Open Education

As part of my Open University Open Education course I had to create an artefact defining open education using some of ideas put forward by Weller and Anderson

Here is my artefact for which I used Prezi.

My main point is that we have now, more or less, achieved education for all (obviously lots of countries still have a way to go and some might argue the UK still has lessons to learn, but that’s another post!) and this is one aspect of “openness”. However, humans and technology are evolving and we are now accessing education differently. It’s not just about being able to access education, it’s how we access and use it.

The MOOCs (massive open on-line courses) I do have highlighted this. We are now called “open scholars”. Wells raises the following point in his article The openness-creativity cycle in education – A Perspective

The combination of digital content and a global, socially oriented distribution network has created the conditions in which new interpretations of open education can develop. Indeed, some commentators have begun to talk of the ‘open scholar’, which is almost synonymous with the ‘digital scholar’ so closely aligned are the new technologies and open approaches.

I completely agree that the new technologies and open approaches are interlinked. Without technology I would not be competing these courses. They have opened a new world of global on-line collaboration which I have never encountered before. The access to resources is another aspect new to me. The fact that people are so willing to share their resources, ideas and experiences is amazing. Throughout the MOOCs I am a scholar but will also “teach” as will the others taking part. We all have something to bring to the course. The lecturers are there and start us off but the scholars are the drivers.

This model of education has the potential to “open” education to all. Whether to those who have already been through the education system or those who have never had the chance. I saw one of the most inspirational TED talks recently.
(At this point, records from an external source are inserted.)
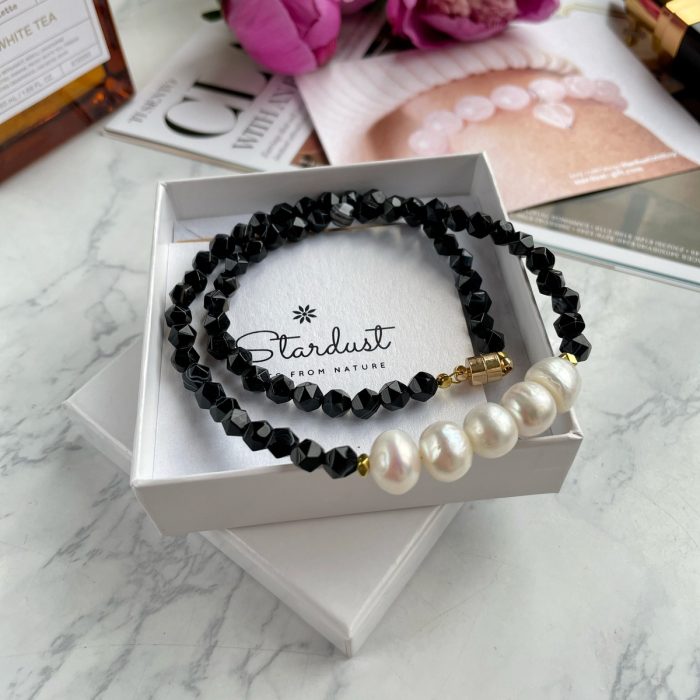 Black Agate choker with pearls
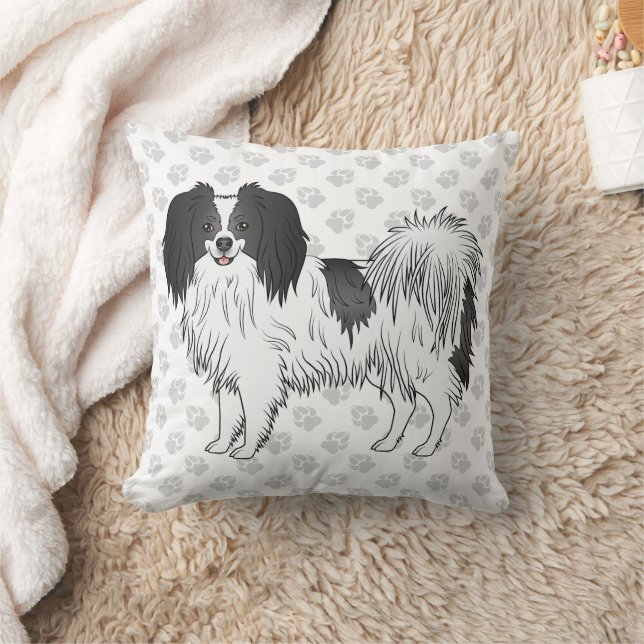 Black And White Phalène Dog On Grey Paw Prints Throw Pillow (Blanket)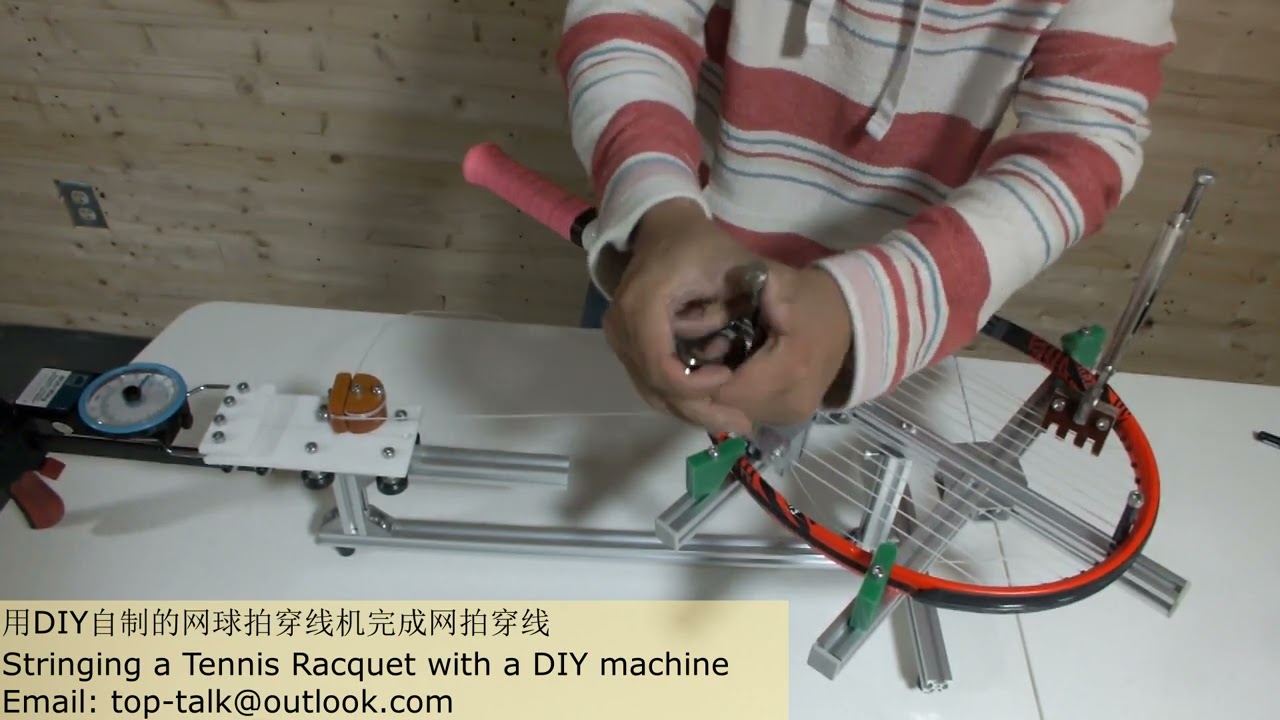 Stringing a Tennis Racquet with a DIY machine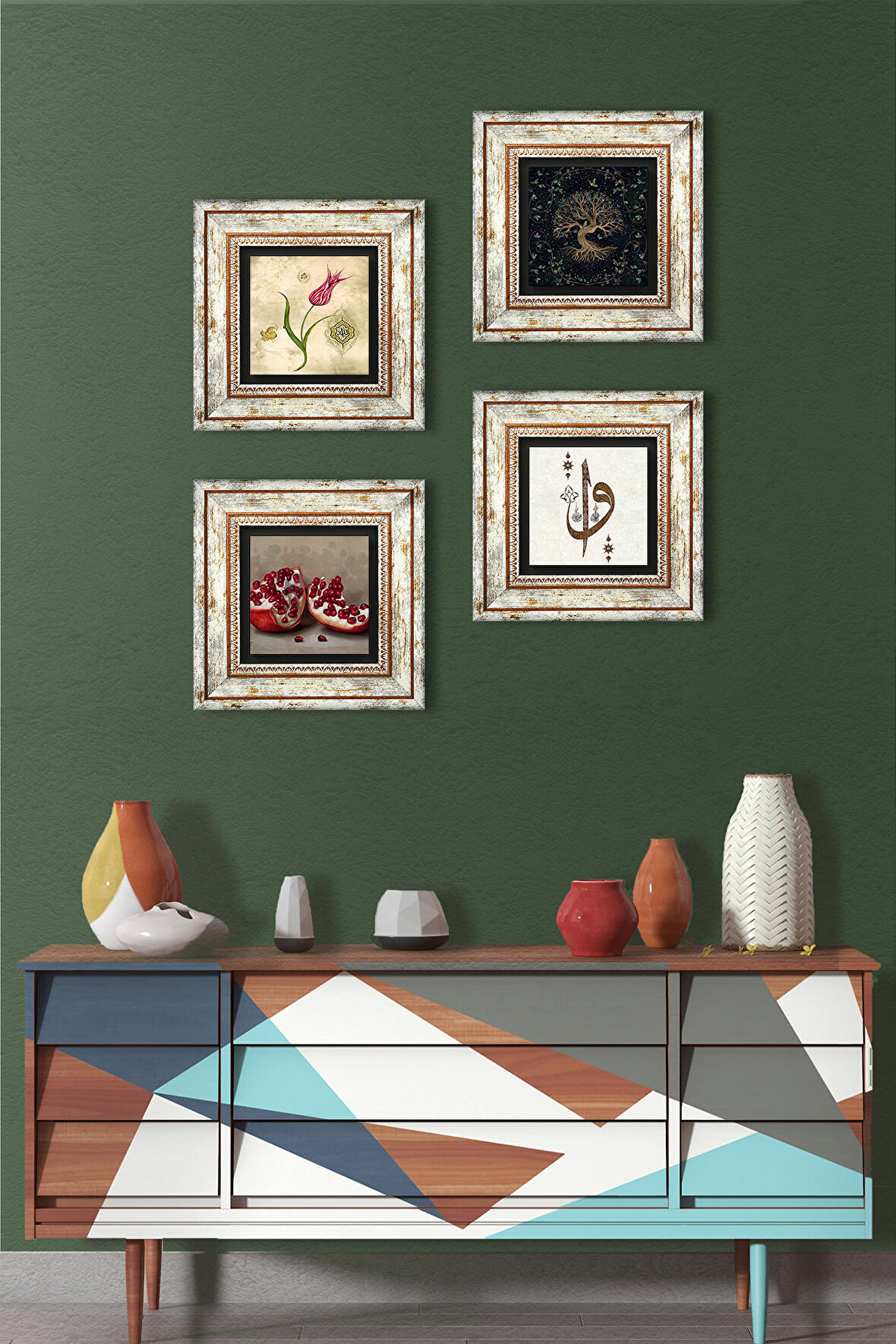 Elif Vav, Hayat Ağacı, Lale, Nar Taş Duvar Tablosu Çerçeveli Duvar Dekoru 4 Parça Tablo Seti Wall Art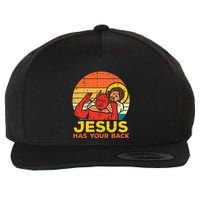 Jesus Has Your Back Jiu Jitsu Retro Christian Wool Snapback Cap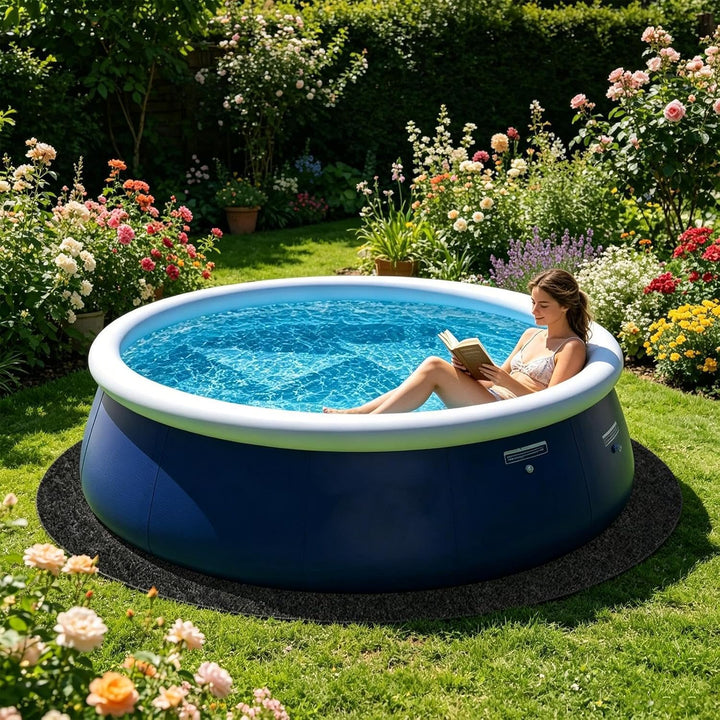 Extra dicke Poolmatte, Poolfolie rund, Schwimmbäder Bodenplane Outdoor Runde Spa Pools Bodenschutz,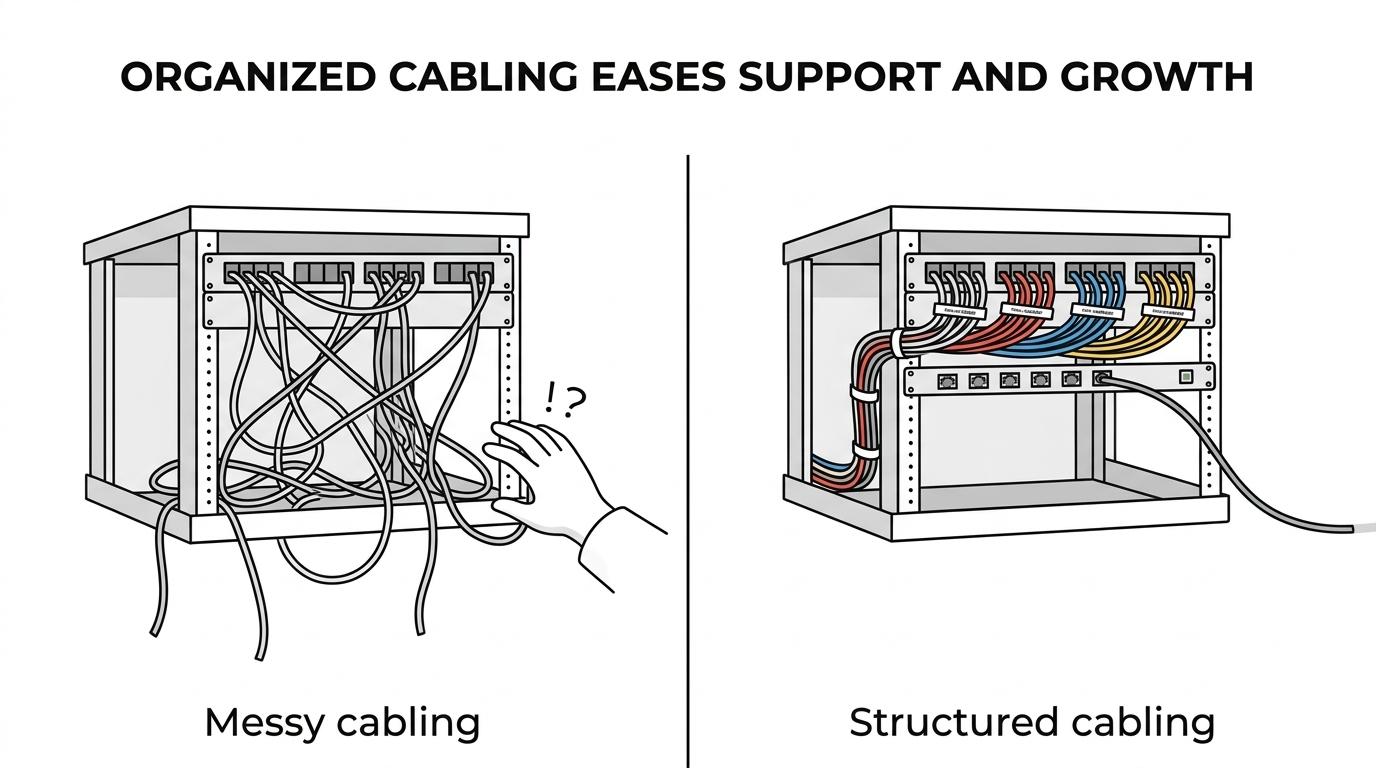 Side-by-side comparison of a clean labeled network rack and patch panel versus tangled unlabeled office cabling.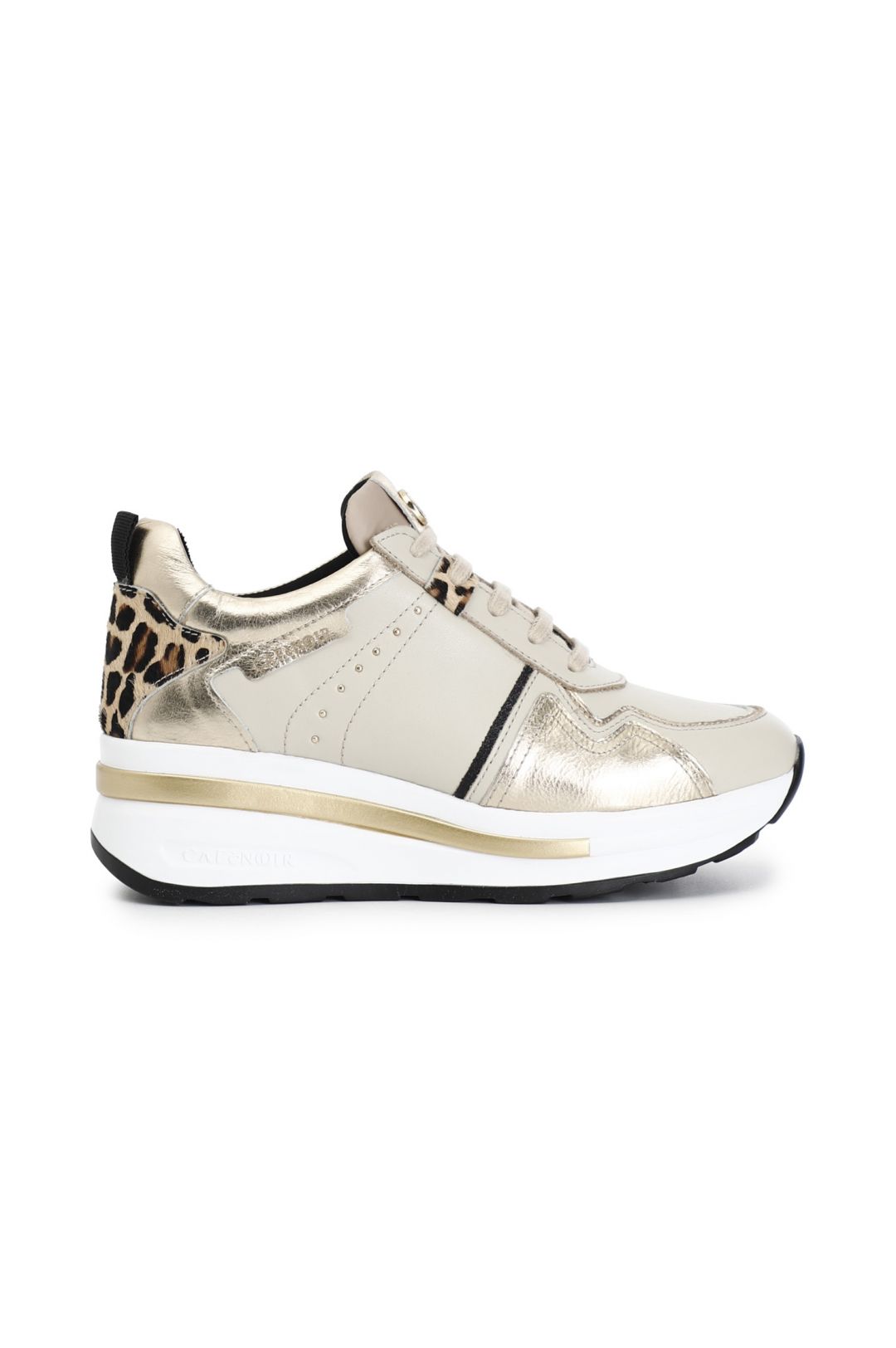 Sneakers Cafènoir beige con zeppa e dettagli animalier DN1005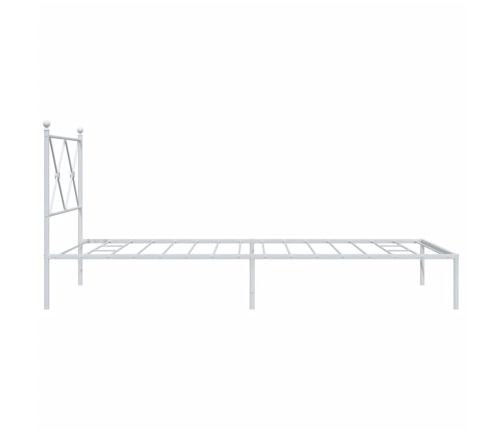 Estructura cama sin colchón con cabecero metal blanco 107x203cm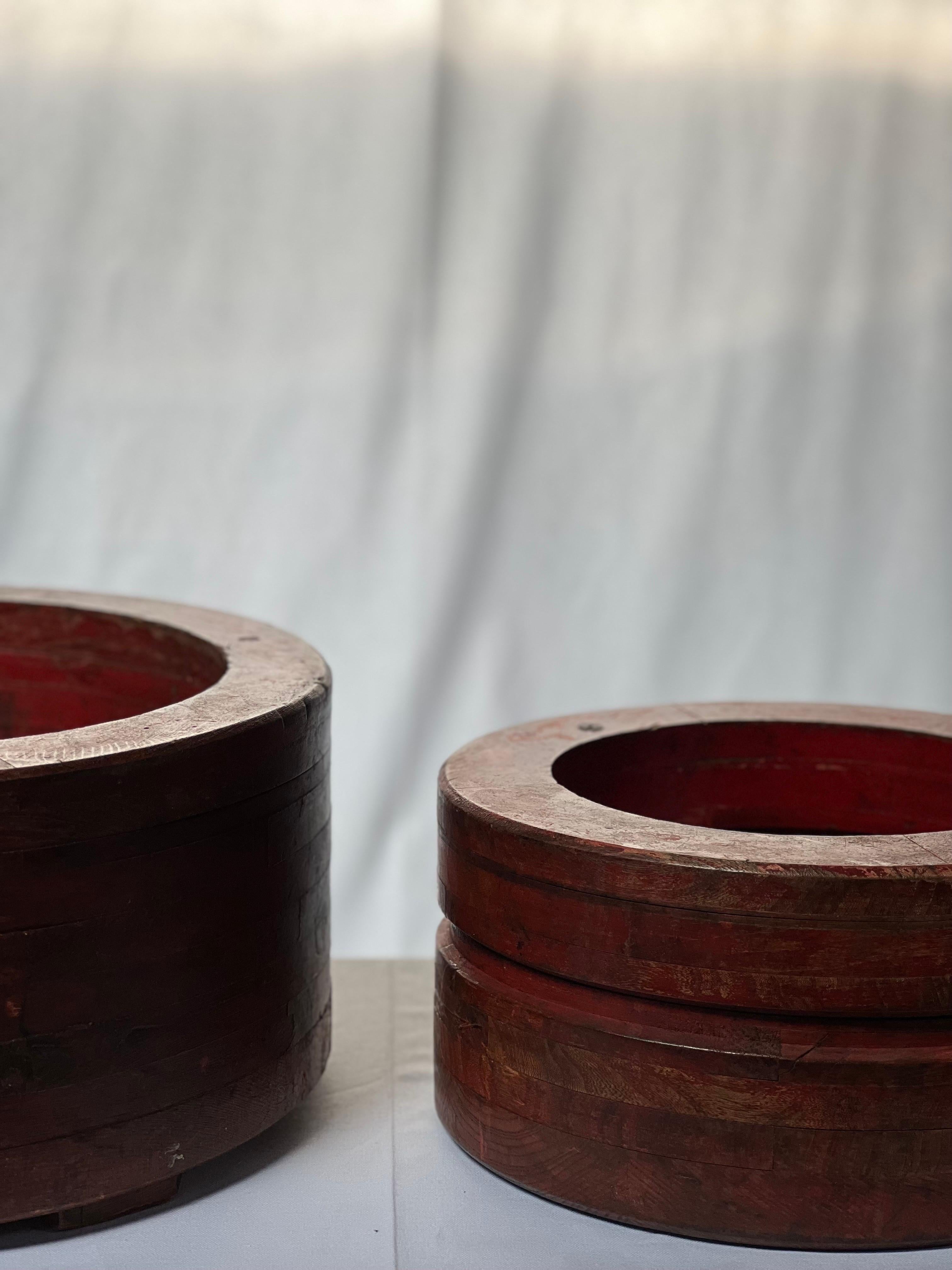 Industrial wooden molds planters red patinated with nice details 1920's For Sale 9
I love the idea that the “teacher asks the question and then stands back and admires the answers”. Sugata Mitra, educational researcher, has a wish; “My wish is that we design the future of learning. We don’t want to be spare parts for a great human computer, do we? So we need to design a future for learning. My wish is to design a future for learning by supporting children all over the world to tap into their wonder and their ability to work together”.

And this is how I feel about MOOCs in that they support me to learn by tapping into my sense of wonder and letting me collaborate and share with like minded people. I am open to education and education is open to me.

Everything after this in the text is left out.